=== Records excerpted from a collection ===
:::

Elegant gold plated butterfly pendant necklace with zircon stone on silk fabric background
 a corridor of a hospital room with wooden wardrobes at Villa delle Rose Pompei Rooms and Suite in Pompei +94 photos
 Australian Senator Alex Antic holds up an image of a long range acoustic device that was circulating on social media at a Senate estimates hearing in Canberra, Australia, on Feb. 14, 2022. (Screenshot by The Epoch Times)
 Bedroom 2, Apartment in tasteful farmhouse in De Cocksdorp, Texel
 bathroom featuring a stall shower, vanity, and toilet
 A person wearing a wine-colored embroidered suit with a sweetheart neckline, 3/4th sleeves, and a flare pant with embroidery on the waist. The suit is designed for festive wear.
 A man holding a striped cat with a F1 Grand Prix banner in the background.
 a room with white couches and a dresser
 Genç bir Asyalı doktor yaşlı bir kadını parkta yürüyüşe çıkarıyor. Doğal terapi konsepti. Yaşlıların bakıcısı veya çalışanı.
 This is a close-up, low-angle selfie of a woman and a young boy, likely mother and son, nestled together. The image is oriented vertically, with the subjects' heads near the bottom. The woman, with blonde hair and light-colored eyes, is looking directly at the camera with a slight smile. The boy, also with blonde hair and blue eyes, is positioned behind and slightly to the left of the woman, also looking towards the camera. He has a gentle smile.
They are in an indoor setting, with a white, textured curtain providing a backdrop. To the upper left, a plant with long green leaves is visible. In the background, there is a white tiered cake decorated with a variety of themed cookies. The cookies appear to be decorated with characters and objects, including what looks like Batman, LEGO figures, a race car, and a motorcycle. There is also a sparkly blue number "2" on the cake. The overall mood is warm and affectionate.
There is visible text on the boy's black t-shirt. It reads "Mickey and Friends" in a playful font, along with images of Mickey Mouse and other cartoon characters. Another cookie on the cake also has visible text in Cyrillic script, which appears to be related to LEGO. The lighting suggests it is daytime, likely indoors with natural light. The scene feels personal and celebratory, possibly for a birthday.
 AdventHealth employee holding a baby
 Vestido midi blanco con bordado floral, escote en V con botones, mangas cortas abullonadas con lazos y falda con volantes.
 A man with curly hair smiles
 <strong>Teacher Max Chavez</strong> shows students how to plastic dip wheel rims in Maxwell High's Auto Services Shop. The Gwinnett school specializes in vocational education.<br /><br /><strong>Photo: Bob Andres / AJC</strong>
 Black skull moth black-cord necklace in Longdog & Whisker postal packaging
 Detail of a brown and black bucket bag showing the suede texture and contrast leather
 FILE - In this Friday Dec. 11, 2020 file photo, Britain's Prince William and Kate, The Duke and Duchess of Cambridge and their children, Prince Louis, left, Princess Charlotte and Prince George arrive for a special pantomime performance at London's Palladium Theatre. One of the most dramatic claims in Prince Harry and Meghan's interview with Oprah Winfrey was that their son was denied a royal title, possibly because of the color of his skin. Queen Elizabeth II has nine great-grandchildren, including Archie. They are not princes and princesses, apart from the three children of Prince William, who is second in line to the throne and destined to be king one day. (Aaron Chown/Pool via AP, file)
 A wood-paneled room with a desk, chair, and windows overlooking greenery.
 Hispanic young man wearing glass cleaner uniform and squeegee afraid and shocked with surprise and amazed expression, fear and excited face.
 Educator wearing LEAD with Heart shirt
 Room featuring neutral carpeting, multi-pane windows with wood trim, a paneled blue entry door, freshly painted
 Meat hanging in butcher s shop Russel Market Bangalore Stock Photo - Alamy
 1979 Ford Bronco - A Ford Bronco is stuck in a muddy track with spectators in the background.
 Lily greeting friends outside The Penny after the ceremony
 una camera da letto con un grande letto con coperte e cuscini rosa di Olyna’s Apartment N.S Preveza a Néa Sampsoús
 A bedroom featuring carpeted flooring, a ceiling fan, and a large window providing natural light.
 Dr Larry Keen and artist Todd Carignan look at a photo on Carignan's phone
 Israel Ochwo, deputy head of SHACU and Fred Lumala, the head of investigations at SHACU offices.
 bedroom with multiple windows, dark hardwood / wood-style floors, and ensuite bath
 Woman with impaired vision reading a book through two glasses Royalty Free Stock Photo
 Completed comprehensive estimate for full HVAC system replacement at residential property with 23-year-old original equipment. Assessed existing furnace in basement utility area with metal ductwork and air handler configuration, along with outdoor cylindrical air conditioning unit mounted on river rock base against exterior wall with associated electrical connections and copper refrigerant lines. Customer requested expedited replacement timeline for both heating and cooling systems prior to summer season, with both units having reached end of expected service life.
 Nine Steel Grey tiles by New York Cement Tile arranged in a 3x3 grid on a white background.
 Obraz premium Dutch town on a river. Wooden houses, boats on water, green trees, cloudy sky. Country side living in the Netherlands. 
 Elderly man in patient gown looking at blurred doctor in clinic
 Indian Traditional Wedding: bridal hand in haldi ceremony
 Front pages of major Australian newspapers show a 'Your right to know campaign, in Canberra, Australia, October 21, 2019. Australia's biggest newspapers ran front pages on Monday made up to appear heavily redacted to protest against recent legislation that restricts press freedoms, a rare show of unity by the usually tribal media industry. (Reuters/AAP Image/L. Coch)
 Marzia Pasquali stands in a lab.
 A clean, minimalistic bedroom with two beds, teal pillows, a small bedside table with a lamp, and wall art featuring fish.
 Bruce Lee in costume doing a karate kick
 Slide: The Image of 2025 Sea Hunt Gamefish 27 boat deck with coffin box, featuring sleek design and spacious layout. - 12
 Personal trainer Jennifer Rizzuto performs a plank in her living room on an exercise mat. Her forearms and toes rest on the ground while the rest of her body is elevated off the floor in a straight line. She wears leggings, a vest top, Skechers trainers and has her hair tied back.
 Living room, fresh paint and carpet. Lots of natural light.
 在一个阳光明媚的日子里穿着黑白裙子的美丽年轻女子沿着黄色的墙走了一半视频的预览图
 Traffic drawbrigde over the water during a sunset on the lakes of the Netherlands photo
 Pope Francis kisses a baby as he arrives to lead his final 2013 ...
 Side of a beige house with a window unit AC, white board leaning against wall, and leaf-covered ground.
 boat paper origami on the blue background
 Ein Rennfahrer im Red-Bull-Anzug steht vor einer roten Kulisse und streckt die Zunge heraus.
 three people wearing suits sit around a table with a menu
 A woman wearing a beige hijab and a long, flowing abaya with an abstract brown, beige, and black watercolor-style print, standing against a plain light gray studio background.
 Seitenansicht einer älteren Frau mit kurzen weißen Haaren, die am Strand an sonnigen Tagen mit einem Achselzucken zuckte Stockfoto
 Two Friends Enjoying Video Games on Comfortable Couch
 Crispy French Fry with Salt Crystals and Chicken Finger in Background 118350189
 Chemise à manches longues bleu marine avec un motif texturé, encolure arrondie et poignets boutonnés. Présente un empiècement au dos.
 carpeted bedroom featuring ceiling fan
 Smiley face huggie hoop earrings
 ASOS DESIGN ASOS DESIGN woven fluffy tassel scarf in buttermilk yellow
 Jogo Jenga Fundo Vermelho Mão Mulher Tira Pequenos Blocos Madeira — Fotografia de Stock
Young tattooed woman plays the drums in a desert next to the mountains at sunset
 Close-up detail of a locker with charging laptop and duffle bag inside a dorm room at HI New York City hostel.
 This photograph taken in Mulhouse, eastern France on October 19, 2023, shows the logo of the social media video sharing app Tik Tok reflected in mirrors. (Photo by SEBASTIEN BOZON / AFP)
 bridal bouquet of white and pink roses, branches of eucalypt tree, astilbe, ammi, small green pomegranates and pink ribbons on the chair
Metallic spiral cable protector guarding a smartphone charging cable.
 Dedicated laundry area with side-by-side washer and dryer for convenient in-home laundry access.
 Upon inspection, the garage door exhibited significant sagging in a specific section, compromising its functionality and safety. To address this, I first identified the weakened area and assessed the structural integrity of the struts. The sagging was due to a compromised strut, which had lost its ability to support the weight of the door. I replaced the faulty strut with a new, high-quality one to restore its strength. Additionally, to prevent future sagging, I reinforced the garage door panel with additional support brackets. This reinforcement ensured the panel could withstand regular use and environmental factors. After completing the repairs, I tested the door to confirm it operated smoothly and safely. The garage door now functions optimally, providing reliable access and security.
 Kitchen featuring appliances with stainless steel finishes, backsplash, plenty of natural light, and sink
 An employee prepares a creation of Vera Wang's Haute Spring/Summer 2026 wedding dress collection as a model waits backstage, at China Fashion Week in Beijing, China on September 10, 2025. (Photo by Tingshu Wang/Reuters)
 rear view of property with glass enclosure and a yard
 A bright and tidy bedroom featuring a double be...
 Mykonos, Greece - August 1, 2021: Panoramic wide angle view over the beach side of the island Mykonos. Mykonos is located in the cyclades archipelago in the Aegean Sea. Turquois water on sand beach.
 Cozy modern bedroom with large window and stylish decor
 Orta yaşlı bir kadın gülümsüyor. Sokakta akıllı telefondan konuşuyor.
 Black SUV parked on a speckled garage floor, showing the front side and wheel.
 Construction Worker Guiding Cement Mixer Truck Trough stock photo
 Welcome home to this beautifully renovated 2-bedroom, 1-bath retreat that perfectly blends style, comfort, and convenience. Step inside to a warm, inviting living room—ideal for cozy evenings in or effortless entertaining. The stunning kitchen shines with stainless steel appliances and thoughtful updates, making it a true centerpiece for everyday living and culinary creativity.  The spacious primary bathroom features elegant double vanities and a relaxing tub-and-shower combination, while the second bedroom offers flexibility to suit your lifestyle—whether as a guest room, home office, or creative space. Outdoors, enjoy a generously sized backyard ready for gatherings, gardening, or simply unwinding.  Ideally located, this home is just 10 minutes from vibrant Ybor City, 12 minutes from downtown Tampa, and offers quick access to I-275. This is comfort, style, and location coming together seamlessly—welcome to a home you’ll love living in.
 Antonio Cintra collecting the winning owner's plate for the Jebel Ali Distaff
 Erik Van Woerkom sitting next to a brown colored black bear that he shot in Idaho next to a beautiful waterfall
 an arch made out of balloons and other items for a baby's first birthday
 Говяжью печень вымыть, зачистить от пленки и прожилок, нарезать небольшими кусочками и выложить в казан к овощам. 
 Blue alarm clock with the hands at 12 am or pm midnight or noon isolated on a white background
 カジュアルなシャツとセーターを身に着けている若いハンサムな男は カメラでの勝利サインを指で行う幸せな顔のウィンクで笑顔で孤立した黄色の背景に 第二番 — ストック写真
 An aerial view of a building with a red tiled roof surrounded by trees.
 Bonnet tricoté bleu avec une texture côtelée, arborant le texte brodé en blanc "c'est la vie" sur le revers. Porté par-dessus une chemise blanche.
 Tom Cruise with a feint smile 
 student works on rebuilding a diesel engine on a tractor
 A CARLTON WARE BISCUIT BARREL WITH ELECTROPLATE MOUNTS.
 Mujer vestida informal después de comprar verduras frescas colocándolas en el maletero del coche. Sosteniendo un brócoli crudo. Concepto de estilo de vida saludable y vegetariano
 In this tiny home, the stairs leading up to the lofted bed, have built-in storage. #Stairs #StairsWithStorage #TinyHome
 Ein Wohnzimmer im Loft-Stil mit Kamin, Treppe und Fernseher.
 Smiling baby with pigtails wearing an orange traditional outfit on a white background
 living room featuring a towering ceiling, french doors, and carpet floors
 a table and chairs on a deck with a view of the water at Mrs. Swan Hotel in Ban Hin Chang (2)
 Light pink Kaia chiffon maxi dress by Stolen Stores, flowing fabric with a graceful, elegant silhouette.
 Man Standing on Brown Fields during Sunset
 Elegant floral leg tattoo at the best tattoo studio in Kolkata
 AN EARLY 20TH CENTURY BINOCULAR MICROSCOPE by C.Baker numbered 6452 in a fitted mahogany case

:::

Please output only the lines from the one holding "Blue alarm clock" to the end of the records, first and last included, exactly as they appear.

=== Your solution ===
 Blue alarm clock with the hands at 12 am or pm midnight or noon isolated on a white background
 カジュアルなシャツとセーターを身に着けている若いハンサムな男は カメラでの勝利サインを指で行う幸せな顔のウィンクで笑顔で孤立した黄色の背景に 第二番 — ストック写真
 An aerial view of a building with a red tiled roof surrounded by trees.
 Bonnet tricoté bleu avec une texture côtelée, arborant le texte brodé en blanc "c'est la vie" sur le revers. Porté par-dessus une chemise blanche.
 Tom Cruise with a feint smile 
 student works on rebuilding a diesel engine on a tractor
 A CARLTON WARE BISCUIT BARREL WITH ELECTROPLATE MOUNTS.
 Mujer vestida informal después de comprar verduras frescas colocándolas en el maletero del coche. Sosteniendo un brócoli crudo. Concepto de estilo de vida saludable y vegetariano
 In this tiny home, the stairs leading up to the lofted bed, have built-in storage. #Stairs #StairsWithStorage #TinyHome
 Ein Wohnzimmer im Loft-Stil mit Kamin, Treppe und Fernseher.
 Smiling baby with pigtails wearing an orange traditional outfit on a white background
 living room featuring a towering ceiling, french doors, and carpet floors
 a table and chairs on a deck with a view of the water at Mrs. Swan Hotel in Ban Hin Chang (2)
 Light pink Kaia chiffon maxi dress by Stolen Stores, flowing fabric with a graceful, elegant silhouette.
 Man Standing on Brown Fields during Sunset
 Elegant floral leg tattoo at the best tattoo studio in Kolkata
 AN EARLY 20TH CENTURY BINOCULAR MICROSCOPE by C.Baker numbered 6452 in a fitted mahogany case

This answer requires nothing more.